The Boss’s Chauffeur came out early, and then presented a terrifying problem when Kitt tried to use Cabaretti Confluence to copy it several times, then sacrifice the copies and make an absurd amount of tokens. I tried a Tendrils of Corruption, but Kitt answered with Boros Charm, making it indestructible. Sidar finally ended the threat with Swords to Plowshares.

The Vodalian Wave-Knight simply sat there for a few turns with some other knights. That was enough to make the others all huge. Watch out for this card in any knight build!

When the knight army was at their largest – 11/11 at the top – I had just enough mana for an 11 point Black Sun’s Zenith to wipe the board and reset things.

Kitt’s goad ability made a lot of difference, and for most of the game, it felt like they were controlling the action. One part of the effect is granting the goaded creature trample. This mattered a lot, especially when they goaded my Raving Dead. The trample, combined with the deathtouch already on the creature, made it so that whoever I attacked would need a blocker for each point of the Raving Dead‘s power, which was 4. Abaddon was the unlucky target, and lost half their life in the attack.

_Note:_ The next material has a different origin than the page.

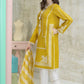 AJES-01 | Asim Jofa AJ Essentials Summer Collection 2022 | Embroidered Cotton Suits Unstitched 3 Piece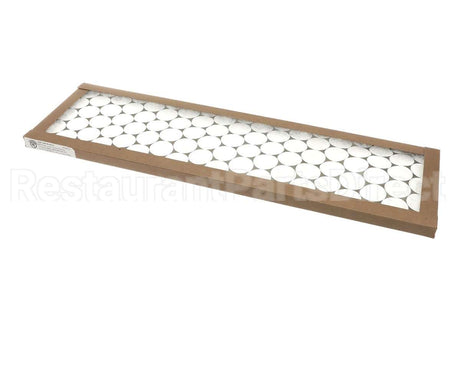 F185-70007890 Intl Environmental Corp Filter Ta 7.75 X 25.75 X 1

Which actually sort of mattered in the end. On turn 11, I played a Pestilence Demon, and fed enough mana into it to finish off Abaddon.

But time was called, and we got through another round of turns without any clear resolution. Sure, Abaddon was dead, but the rest of us had similar enough life totals, similar enough boards, and plenty of interaction left. There was no good way to resolve things, so we called it a draw.

Round 3

The final round of the day featured a third Warhammer Commander in Szarekh, the Silent King from Necron Dynasties, a third Doctor Who Commander in The Thirteenth Doctor with Yasmin Khan from Paradox Power, and a third type-forward Commander in the brand new Ixalan merfolk Hakbal of the Surging Soul from Explorers of the Deep.

This seems like a pretty good endorsement of the Universes Beyond Commander decks from 40k and Doctor Who. Both contained a considerable amount of new cards, so it’s likely the players got the decks, and they all seemed pretty playable out of the box.

I kept a questionable hand, with 5 lands and Evernight Shade. That wasn’t much action, but I wanted to try and fly under the radar for a while, and my mana was assured.

The early turns went really fast, and we played lands and ramped. On turn three, Hakbal played Svyelun of Sea and Sky, as part of a seemingly endless stream of merfolk. I hadn’t seen the decklist, but it looked really good for a quick victory if the rest of us didn’t bring them back to earth a bit.

We all played our Commanders, but Szarekh took mine out pretty quickly. The Doctor got rid of Hakbal’s Commander, and tried to get rid of Svyelun also, but Hakbal saved the merfolk god with the very cool Ripples of Potential, phasing it out.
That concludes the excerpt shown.